# ASSIGNED TASK
Determine how many lines in the listing below contain "Shoes", then give only that number.

[Start of Attachment]

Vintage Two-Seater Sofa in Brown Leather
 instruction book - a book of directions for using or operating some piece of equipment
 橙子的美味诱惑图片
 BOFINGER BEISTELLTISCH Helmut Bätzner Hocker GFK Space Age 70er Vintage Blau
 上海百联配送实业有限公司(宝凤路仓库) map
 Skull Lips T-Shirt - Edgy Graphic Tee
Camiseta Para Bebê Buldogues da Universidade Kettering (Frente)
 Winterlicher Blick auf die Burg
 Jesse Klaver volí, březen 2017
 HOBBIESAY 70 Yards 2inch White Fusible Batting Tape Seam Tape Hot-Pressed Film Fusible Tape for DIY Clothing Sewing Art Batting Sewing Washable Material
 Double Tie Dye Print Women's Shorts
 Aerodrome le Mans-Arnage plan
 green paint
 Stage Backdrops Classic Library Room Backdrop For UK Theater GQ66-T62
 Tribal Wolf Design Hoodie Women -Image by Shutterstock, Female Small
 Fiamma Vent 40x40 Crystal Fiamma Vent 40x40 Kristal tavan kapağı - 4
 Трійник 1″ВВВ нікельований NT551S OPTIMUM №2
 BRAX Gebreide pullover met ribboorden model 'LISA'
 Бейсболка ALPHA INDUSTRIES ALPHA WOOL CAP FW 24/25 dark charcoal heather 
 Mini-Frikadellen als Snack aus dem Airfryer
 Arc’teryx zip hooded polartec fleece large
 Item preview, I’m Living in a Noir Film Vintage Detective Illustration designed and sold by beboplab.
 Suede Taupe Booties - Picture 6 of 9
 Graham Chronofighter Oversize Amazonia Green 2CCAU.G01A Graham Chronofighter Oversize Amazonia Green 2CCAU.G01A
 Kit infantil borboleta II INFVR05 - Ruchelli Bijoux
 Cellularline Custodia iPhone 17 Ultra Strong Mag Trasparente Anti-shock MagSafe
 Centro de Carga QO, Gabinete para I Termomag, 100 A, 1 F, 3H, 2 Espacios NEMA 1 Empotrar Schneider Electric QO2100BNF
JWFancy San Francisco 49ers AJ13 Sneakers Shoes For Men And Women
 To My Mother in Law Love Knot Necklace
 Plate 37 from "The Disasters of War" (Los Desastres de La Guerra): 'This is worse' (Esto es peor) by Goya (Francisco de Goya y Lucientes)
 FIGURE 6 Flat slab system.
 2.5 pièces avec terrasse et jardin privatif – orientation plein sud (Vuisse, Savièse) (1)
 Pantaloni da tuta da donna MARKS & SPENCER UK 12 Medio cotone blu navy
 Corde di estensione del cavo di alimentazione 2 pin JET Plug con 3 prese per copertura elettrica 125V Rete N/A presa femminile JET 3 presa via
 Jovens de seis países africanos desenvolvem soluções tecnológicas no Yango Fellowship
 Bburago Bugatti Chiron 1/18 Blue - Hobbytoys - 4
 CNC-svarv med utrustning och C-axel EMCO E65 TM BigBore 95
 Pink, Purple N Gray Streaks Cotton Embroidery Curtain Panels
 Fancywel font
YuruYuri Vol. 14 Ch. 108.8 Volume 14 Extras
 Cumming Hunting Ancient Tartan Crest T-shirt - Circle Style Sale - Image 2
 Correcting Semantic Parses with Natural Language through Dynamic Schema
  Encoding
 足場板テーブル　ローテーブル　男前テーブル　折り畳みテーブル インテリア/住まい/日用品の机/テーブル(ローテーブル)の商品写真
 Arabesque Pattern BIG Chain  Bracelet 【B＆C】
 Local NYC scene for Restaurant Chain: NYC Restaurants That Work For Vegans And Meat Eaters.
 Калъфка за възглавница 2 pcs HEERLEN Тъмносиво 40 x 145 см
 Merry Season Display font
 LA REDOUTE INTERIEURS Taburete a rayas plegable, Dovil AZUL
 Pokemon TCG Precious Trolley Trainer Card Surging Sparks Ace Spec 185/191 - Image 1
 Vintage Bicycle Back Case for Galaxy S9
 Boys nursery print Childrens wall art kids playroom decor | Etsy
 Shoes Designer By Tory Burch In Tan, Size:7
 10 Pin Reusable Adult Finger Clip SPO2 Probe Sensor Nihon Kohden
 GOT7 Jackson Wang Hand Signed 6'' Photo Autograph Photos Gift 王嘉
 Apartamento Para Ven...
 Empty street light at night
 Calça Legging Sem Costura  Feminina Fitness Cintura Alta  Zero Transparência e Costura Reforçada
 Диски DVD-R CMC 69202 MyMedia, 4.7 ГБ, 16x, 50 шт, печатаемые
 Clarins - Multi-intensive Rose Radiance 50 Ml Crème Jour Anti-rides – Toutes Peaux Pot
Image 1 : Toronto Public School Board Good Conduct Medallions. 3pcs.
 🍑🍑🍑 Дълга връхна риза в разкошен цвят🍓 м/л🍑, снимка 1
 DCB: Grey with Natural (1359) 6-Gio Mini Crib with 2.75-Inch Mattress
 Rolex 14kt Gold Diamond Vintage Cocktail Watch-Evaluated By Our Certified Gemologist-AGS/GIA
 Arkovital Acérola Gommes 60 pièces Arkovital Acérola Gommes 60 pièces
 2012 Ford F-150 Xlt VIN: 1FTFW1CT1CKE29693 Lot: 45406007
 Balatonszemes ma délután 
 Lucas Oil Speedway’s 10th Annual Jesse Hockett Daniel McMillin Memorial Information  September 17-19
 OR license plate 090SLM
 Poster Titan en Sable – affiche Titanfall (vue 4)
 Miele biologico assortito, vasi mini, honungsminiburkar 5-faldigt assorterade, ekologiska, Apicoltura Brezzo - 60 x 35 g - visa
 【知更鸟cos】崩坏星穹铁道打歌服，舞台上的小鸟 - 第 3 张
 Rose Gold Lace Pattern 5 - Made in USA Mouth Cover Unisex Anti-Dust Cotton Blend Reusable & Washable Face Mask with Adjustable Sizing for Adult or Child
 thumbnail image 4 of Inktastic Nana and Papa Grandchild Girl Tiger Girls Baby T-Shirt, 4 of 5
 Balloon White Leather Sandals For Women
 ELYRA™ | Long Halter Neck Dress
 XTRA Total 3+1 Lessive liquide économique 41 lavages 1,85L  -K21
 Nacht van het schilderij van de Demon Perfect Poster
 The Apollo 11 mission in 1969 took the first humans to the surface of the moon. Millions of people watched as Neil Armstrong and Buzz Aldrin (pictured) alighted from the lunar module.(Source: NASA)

[End of Attachment]

# RESULT FOR THIS EXERCISE
2